Print, exactly as they stand, the lines below from the one that has "Tầm quan trọng" to the one that has "on Rooted Pierre", inclusive, leaving out the pictures.

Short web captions

+===+

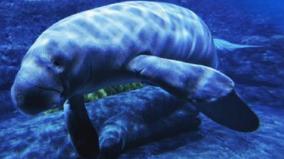 hc-asks-to-follow-regulations-in-protecting-sea-cow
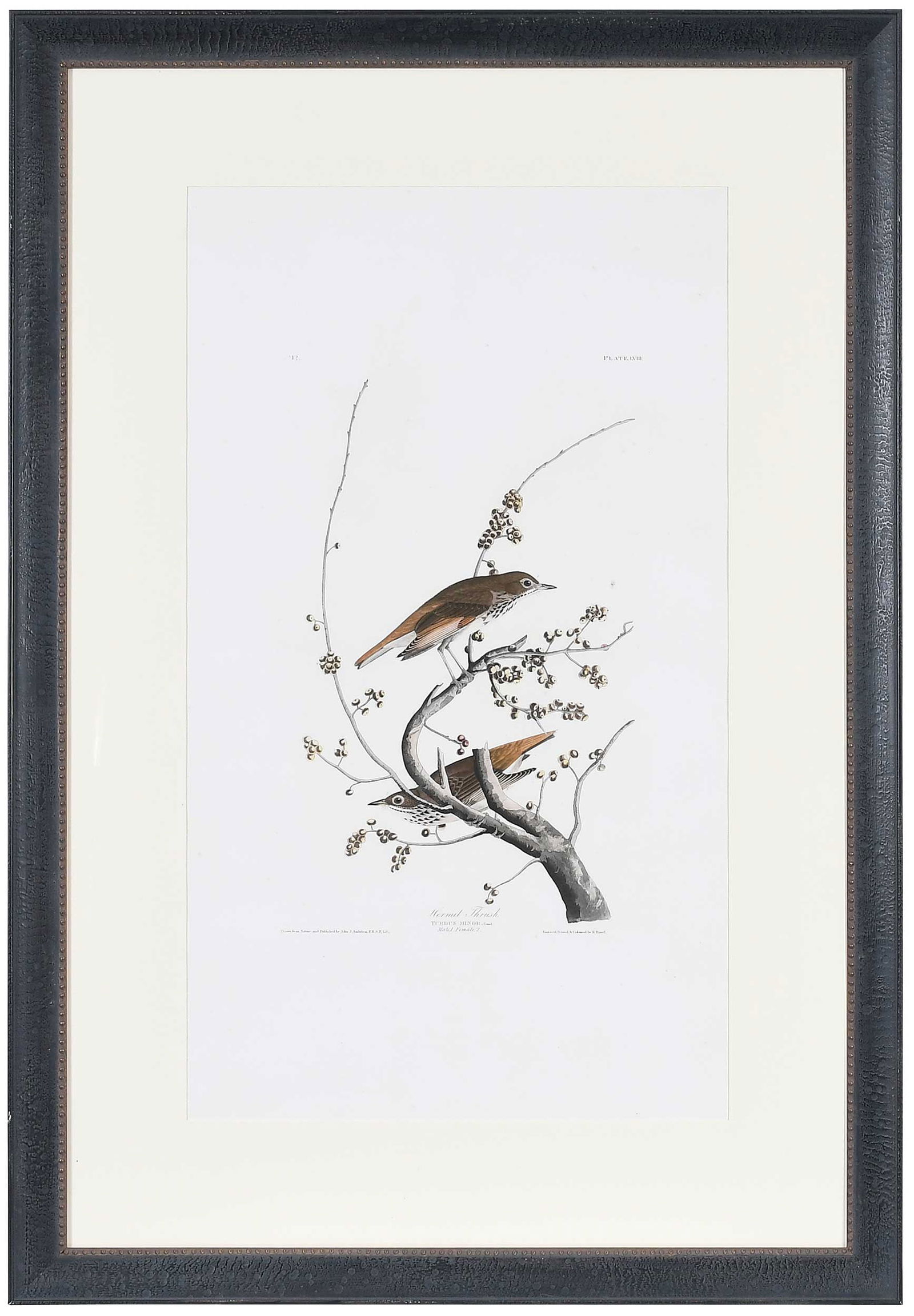 John James Audubon - Hermit Thrush (1 of 11)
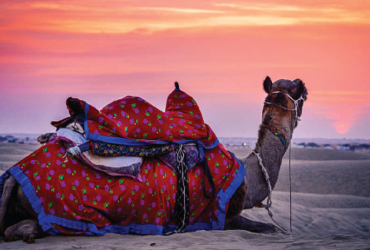 Camel Festival in Bikaner, Pushkar, Nagaur, and Jaisalmer | Camel Fair
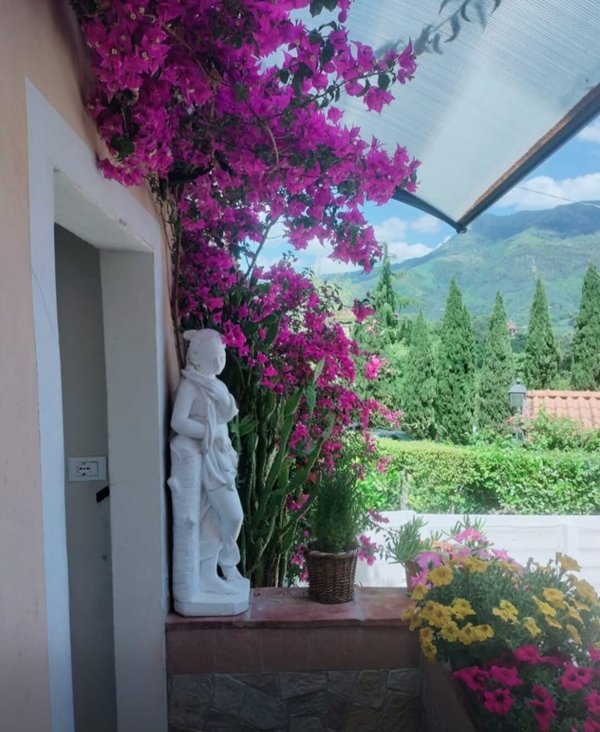 casa indipendente in vendita a Camaiore in zona Pontemazzori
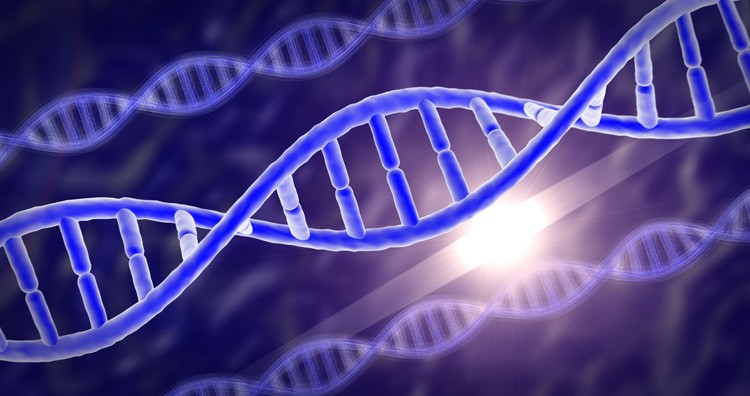 Tại sao một số người có thể ăn mãi mà không béo? - Ảnh 2. Tại sao một số người có thể ăn mãi mà không béo? - Ảnh 2.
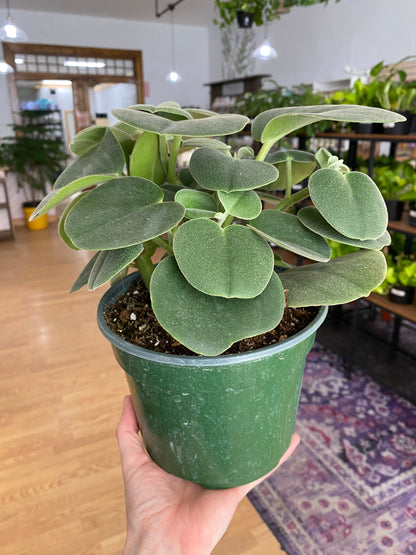 Peperomia incana 'Felted Peperomia'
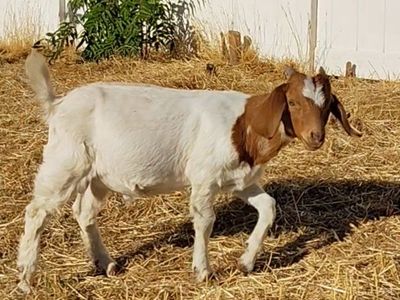 Boer Buckling (price drop sale)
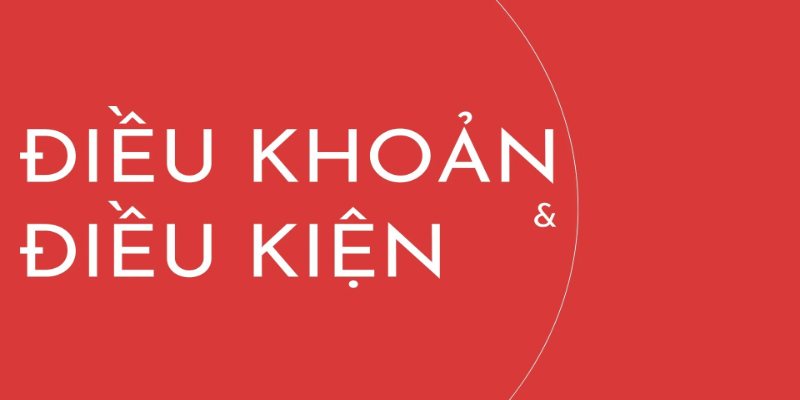 Tầm quan trọng không thể thay thế của điều khoản điều kiện ABCVIP 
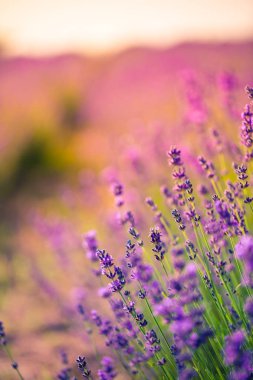 Gün batımında kelebekli lavanta çalıları. Mor lavanta çiçekleri üzerine gün batımı havası. İlham verici yaz çiçekleri arka planı.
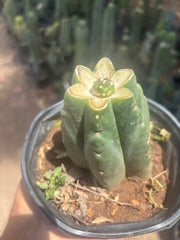 💎👑💎 SCB  — One More Pup Graft on Rooted Pierre
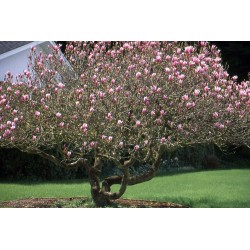 Lelijažiedė magnolija - Magnolia liliiflora NIGRA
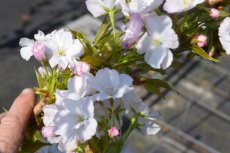Prunus serrulata  ‘Amanogawa’ - Sierkers-Kers 60-80 C5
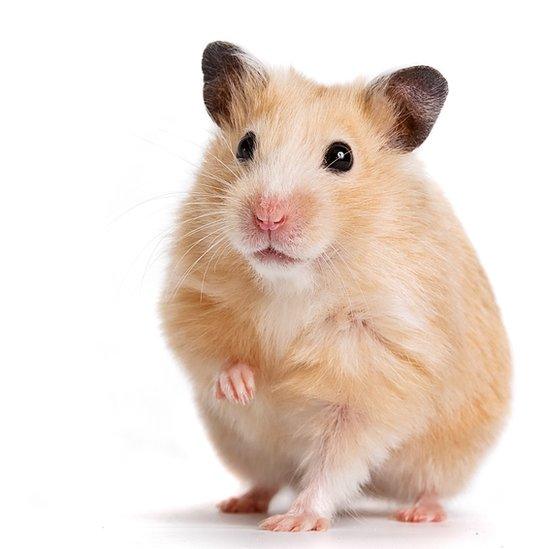 A hamster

+===+

Output:
 Tầm quan trọng không thể thay thế của điều khoản điều kiện ABCVIP 
 Gün batımında kelebekli lavanta çalıları. Mor lavanta çiçekleri üzerine gün batımı havası. İlham verici yaz çiçekleri arka planı.
 💎👑💎 SCB  — One More Pup Graft on Rooted Pierre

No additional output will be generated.